I was recently wondering about the fact that we where at the very beginning of the social networking era. And I was thinking to myself that, like HTTP vs. hypercard, the only way to deal openly with social groups real-time sharing needs is to develop an open protocol that would allow the development of social accounts (in the very same way that you have mail accounts) that you could easily create and control. I believe we really are at the pre-standard age of the phenomenon (or should I say, the completion of the phenomenon, since emails and IRC where bits of our social life).

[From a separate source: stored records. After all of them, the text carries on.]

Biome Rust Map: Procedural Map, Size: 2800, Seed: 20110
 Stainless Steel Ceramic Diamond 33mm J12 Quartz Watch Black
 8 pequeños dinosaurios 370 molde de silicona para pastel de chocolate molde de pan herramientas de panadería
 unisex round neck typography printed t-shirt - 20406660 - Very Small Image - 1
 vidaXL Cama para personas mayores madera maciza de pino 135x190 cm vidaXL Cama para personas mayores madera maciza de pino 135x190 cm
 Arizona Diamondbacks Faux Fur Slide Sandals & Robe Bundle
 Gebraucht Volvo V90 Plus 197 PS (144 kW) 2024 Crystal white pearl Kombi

I’m not the only one to think that way, of course : Adrian Thurston has developped the distributed social networking protocol which may well be the right way to do it. Will he be the next Tim Berners-Lee ? Today it’s probably not as easy as in the good ol’ times. When TBL came up with the HTTP protocol, its most proeminent private competitor was HyperCard, a $50 Apple application that actually shipped with all new Macs (we were in 1987). So on the bad side, today, Mr. Thurston would have to fight against one big company (FB) that is thought to handle a significant amount of the social traffic (this is not true, though, blogs, emails, chats, phone calls, face-to-face meetings, still hold the largest part of this social traffic) On the bright side, several people are a bit pissed off by the success of FB. Google’s Orkut and Buzz are attempts to jump in the SN/micro-blogging phenomenon, and Apple’s Ping is a miserable attempt to sneak iTunes users into a social network. So if someone proposes a way to remove the « forerunner advantage » effect that currently benefits FB. So a question arises : while Google almost always chose to undermine competitors positions by pushing open standards efforts, why did it not do it this time for social networking ? It would be quite simple to allow deep interop with Social Networking sites if your had social identities held by your email addresses. Just transform mail servers into identities servers, using private/public key for publication/sharing, a real-time push/pull API, and you’re almost done ! It would probably not even destroy Facebook, as it would remain a great contender because of what it really brings to the users : an open environment for application integration. But it would also open the field for a lot of new competitors bringing interesting innovations.